Where Yin And Yang Meet And Embrace, All Is In Balance

Know the male, yet keep to the female;
receive the world in your arms.
If you receive the world,
the Tao will never leave you
and you will be like a little child.

Know the white, yet keep to the black;
be a pattern for the world.
If you are a pattern for the world,
the Tao will be strong inside you
and there will be nothing you can’t do.

Know the personal, yet keep to the impersonal;
accept the world as it is.
If you accept the world as it is,
the Tao will be luminous inside you
and you will return to your primal self.

The world is formed from the void,
like utensils from a block of wood.
The Master knows the utensils,
yet keeps to the block.
Thus she can use all things.

-Lao Tzu-
(Tao Te Ching, chapter 28, translation by Stephen Mitchell)

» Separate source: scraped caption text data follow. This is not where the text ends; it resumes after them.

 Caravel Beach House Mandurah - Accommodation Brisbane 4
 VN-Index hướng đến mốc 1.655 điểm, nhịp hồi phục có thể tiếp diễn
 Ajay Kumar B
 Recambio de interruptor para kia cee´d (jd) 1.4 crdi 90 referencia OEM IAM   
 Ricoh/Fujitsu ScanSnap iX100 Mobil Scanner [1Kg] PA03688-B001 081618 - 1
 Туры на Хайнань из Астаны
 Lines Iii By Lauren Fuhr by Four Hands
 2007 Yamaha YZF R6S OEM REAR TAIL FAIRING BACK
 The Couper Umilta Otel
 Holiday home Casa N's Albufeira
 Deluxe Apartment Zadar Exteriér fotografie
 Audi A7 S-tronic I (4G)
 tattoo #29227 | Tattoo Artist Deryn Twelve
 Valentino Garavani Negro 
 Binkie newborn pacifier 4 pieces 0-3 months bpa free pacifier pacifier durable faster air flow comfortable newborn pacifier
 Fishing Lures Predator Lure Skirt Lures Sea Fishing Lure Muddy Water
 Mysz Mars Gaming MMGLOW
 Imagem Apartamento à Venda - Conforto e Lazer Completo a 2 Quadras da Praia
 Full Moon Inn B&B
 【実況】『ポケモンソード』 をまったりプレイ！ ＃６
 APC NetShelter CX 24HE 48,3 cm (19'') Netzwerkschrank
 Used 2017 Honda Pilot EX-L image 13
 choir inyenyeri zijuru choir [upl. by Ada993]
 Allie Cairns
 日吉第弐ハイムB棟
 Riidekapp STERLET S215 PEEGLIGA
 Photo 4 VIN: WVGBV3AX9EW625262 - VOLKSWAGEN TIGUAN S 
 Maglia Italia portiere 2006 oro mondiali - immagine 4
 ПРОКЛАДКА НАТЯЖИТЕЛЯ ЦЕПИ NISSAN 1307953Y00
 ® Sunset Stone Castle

Yesterday, Lao Tzu revealed the great secret of the art of living, for good and bad individuals living together in community with each other. And, he talked about how the Master embodies the light. Today, he uses the principles of yin and yang to expand on this theme of embodying the light.

So, let’s begin by taking a look at the familiar yin yang symbol. It begins with a circle, which represents everything. Within the circle you find the familiar black and white shapes, representing yin and yang. They represent perfect balance, harmony, and unity. It is a picture of fluid energy. Of change and motion. It shows how opposites interact with each other to cause everything to happen.

Yin and yang are the two fundamental principles of Chinese philosophy in general, and Taoism specifically. One of these fundamental principles, yin, is negative, dark, passive, cold, wet, and feminine; while the other, yang, is positive, bright, active, hot, dry, and masculine.

If we were to include the good and bad from yesterday, and remember that isn’t a moral judgment, it is merely referring to whether you are good or bad at something, I suppose we would say that bad is yin and good is yang. But I want to be careful here. Because I don’t mean to suggest that yang is good and yin is bad. Yin and yang are opposites, but they aren’t at odds with each other. One is not better than the other. They are always in perfect balance. That is why if you are bad at something you should seek out someone who is good at it. And if you are good at something you should seek out someone who is bad at it. A master and an apprentice. That is how things balance out. That is the way things are.

Because the way things are is always in a state of flux, things may appear to sometimes be out of balance. But don’t let appearances fool you. That is merely an illusion. The eternal reality is that you can’t have one without the other. Both negative and positive, dark and bright, passive and active, cold and hot, wet and dry, feminine and masculine, bad and good.

I want to make sure I am being clear that yin and yang are not in some tug of war where people need to pick sides. We are always being told to be positive. While being negative is frowned upon. Often people are afraid of the dark, when they aren’t complaining that the lights are too bright. Men are excoriated if they appear too feminine, while women are excoriated for appearing too masculine. The Tao achieves balance, harmony, and unity by using the principles of yin and yang. It isn’t up to us to choose sides. Some of the time I am more yin and some of the time I am more yang. I am not out of balance because of it.

This has been my long-winded way of explaining what Lao Tzu is saying when he says to know the male, yet keep to the female, To know the white, yet keep to the black, to know the personal, yet keep to the impersonal. Lao Tzu wants us to embrace both yin and yang, equally. That is how we receive the world in our arms. That is how we become a pattern for the world. And, that is how we come to accept the world as it is.

Do we want to embody the light? This is how we do it. If you receive the world, the Tao will never leave you; and you will be like a little child. If you are a pattern for the world, the Tao will be strong inside of you; and there will be nothing you can’t do. If you accept the world as it is, the Tao will be luminous inside you (there is that light) and you will return to your primal self.

What does Lao Tzu mean by returning to our primal selves? Primal speaks of origins. And, remember the Tao is always moving through us bringing us back to our beginning. The world, itself, is formed from the void. Just like utensils are formed from a block of wood. Lao Tzu wants us to understand what the Master understands. Know the utensils. But keep to the block. Then, you can use all things. Whatever the situation brings. Whatever people or circumstances cross our path on this journey of life.